Provided data section start

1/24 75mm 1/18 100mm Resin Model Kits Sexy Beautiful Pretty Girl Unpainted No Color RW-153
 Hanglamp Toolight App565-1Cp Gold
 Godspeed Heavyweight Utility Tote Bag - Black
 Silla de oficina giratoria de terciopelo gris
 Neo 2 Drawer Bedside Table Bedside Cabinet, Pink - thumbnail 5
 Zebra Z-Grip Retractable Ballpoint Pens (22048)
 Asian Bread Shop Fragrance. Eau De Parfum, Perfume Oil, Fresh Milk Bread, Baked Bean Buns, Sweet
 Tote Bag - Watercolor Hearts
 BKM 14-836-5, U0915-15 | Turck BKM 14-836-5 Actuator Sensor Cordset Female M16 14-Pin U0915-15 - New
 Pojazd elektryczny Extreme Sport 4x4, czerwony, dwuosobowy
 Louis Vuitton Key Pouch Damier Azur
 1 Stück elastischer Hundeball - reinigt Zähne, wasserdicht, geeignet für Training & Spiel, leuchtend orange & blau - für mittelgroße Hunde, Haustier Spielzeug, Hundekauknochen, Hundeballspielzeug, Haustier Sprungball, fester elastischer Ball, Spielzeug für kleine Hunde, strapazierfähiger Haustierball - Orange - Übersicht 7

Provided data section end

From the data above, copy each line that holds "Tote".

 Godspeed Heavyweight Utility Tote Bag - Black
 Tote Bag - Watercolor Hearts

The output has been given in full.